Local 33’s tortured equation of graduate unionization and human dignity should therefore come as no surprise. If undergrads have taken on the role of the neoliberal consumer, then graduate students have taken on the role of the working-class service worker, fighting for collective-bargaining rights in the face of an abusive corporate behemoth. The hunger strike is thus symptomatic of a much larger disease: liberal education’s gradual unraveling. Without a coherent sense of scholarly identity and purpose, American universities lack the vocabulary to oppose graduate unionization. Would-be strikers, meanwhile, lack the conceptual resources to contextualize themselves within a broader pedagogical framework oriented toward the production and dissemination of knowledge.

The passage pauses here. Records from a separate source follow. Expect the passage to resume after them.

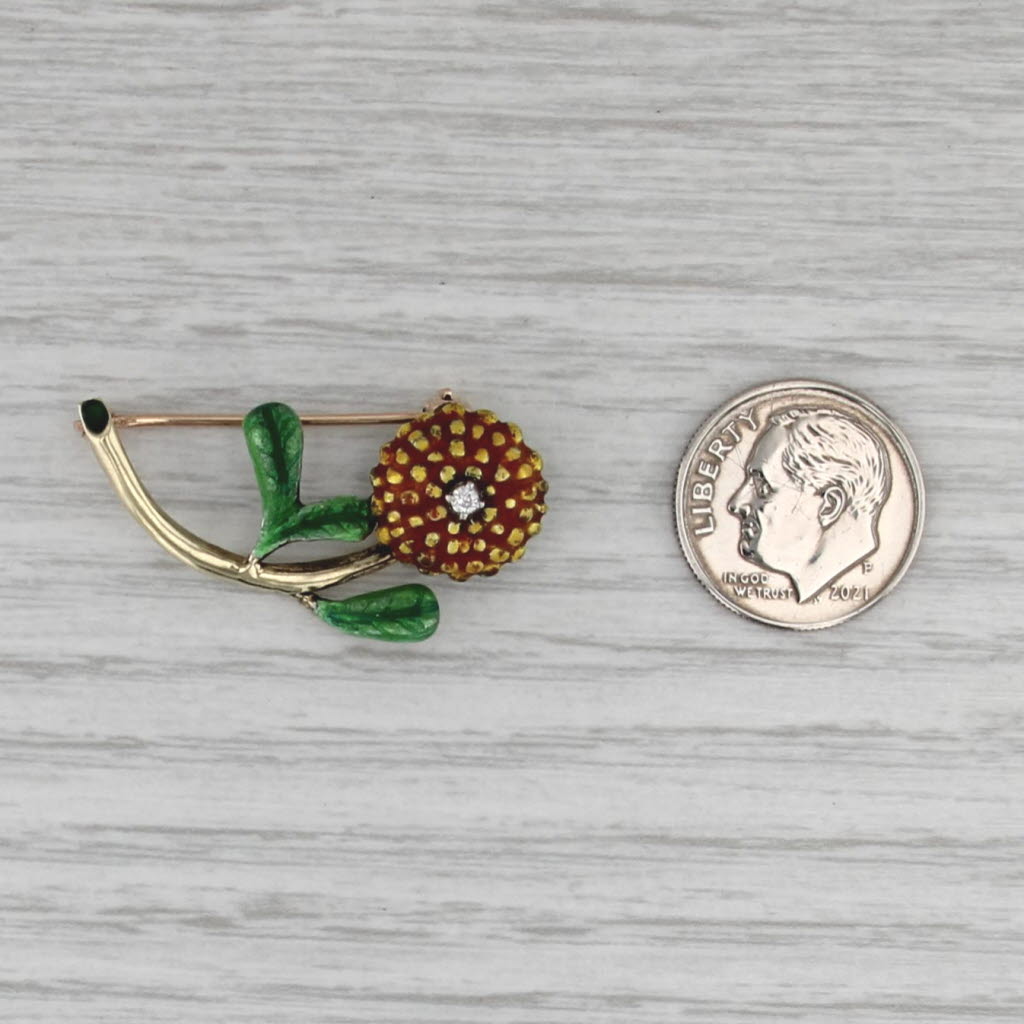Vintage Diamond Flower Brooch 14k Yellow Gold Enamel Floral Pin
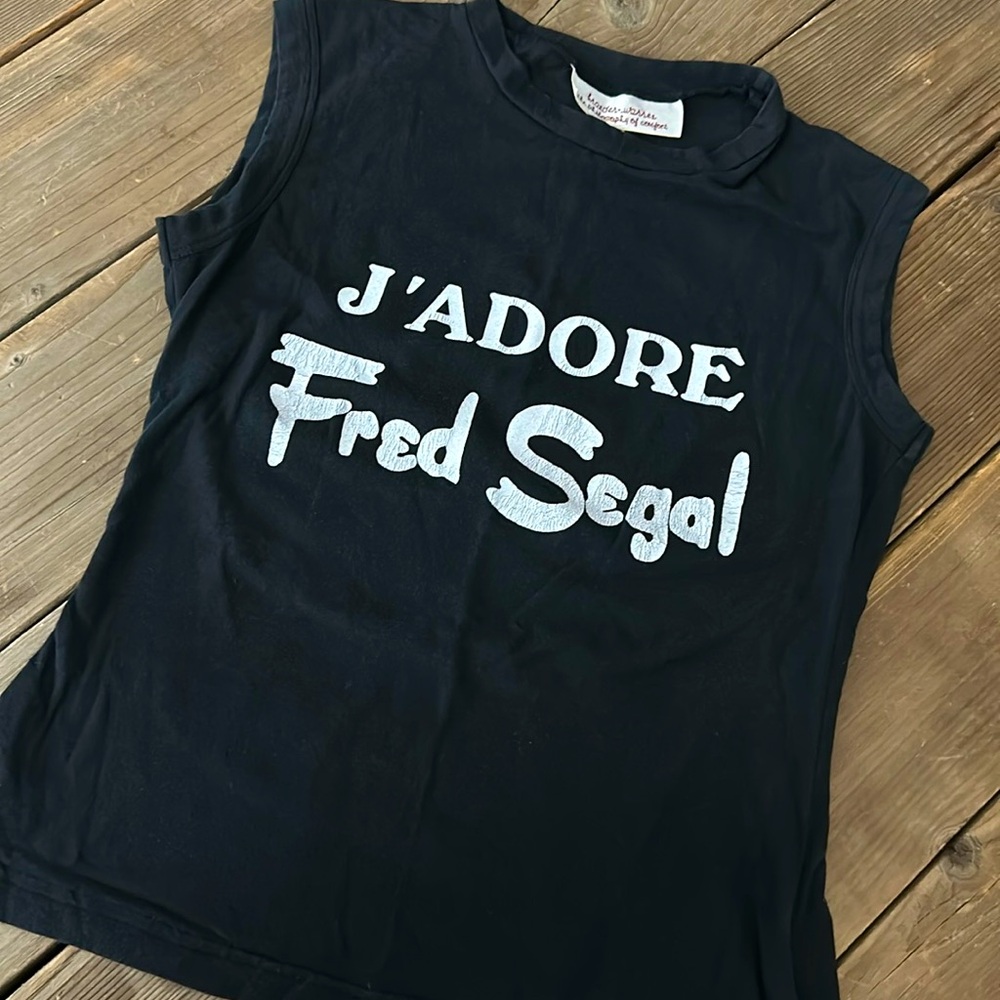 J’ Adore Fred Segal Large (runs small) black tank t shirt has some stretch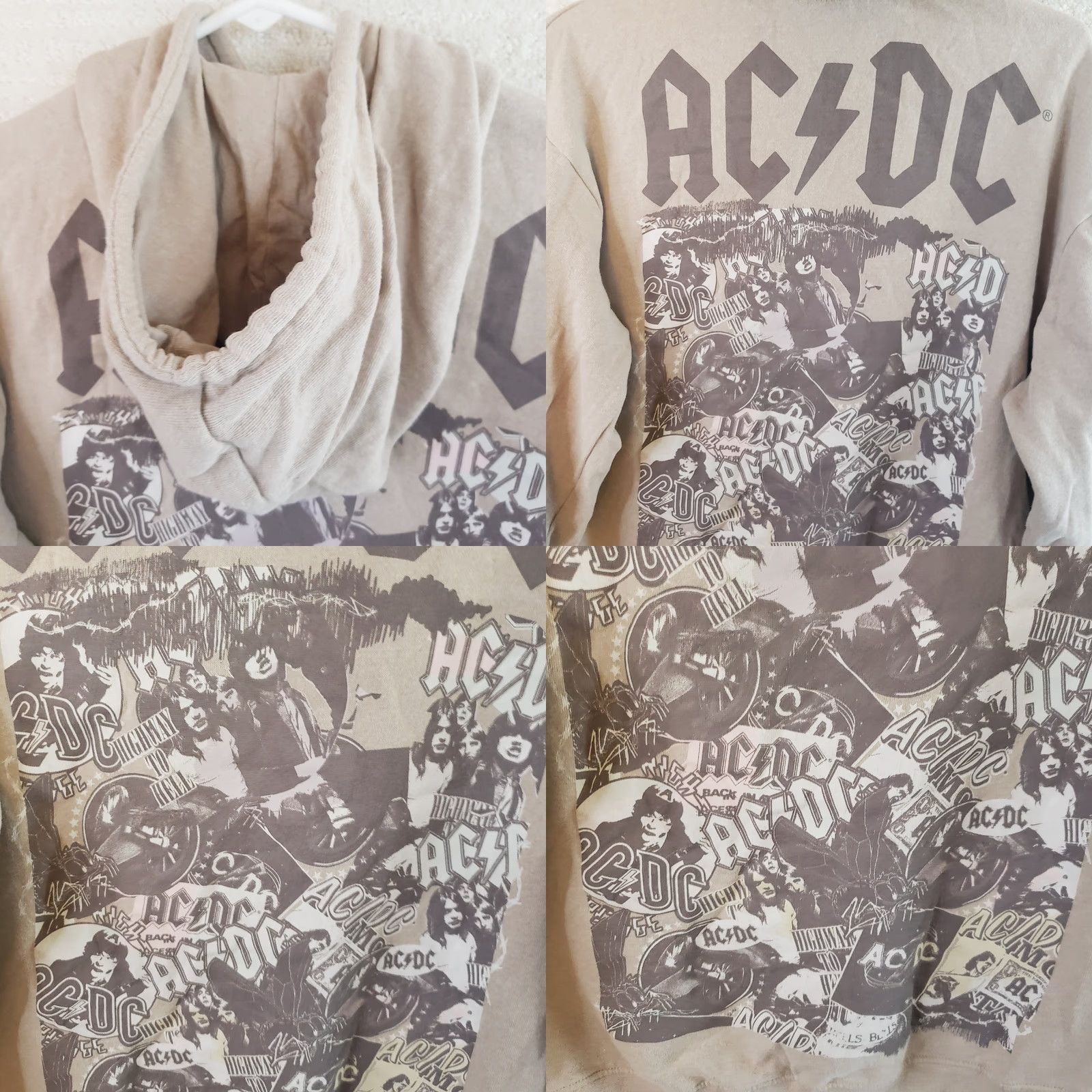 Vintage AC/DC Hoodie Sweatshirt Unisex M Beige Band Member Scene Back, Pockets Graphic Print Hoodie, AC/DC, Beige, M, Unisex Adults Size US M / EU 48-50 / 2 - 9 Thumbnail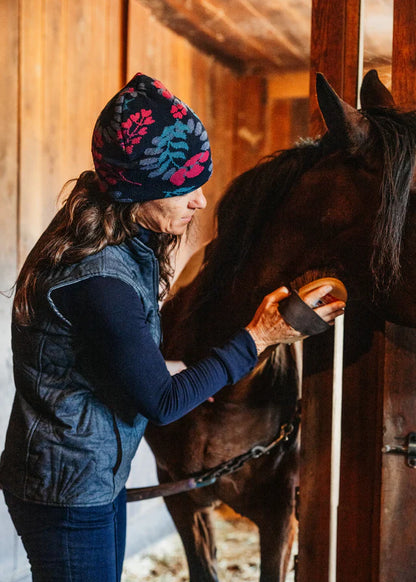 4T2D - Floral Love Knit Beanie - Navy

In that vein, Yale’s recent statement on graduate unionization contends that Local 33’s actions display an “apparent disregard for longstanding university policies and principles regarding the appropriate time, place, and manner for exercising freedom of expression.” But Yale — whose administrative bureaucracy has ballooned over the past ten years — bears some responsibility for this situation. The reason graduate students have such an easy time portraying themselves as victims is that they are victims under the university’s own premises. A recent episode of the Simpsons caricatured Yale’s bevy of administrative deans — “multicultural empathizers” — and its obsession with “safe spaces.” Such trends evoke the fawning doublespeak of a human-resources department, and that isn’t an accident.

Over the past two decades, college campuses have undergone a radical transformation, blanketed by increasingly thick layers of bureaucracy that authorize administrators to micromanage every aspect of student life.

Over the past two decades, college campuses have undergone a radical transformation, blanketed by increasingly thick layers of bureaucracy that authorize administrators to micromanage every aspect of student life. Title IX coordinators hand down arbitrary, ad hoc diktats that seal grievances behind administrative red tape. At some schools, “bias reporting” systems have taken root, allowing undergrads to anonymously register complaints against anyone or anything perceived as creating a hostile learning environment.

Given these developments, is it really so shocking that graduate students have gone to such drastic measures to protest their alleged mistreatment? If you run a university like a company, students will naturally begin to see themselves as disgruntled employees caught up in the gears of a cruel corporate machine. Local 33 should of course stop quaffing communism and start quaffing coffee. But at the same time, American universities should really try feeding their students some common sense.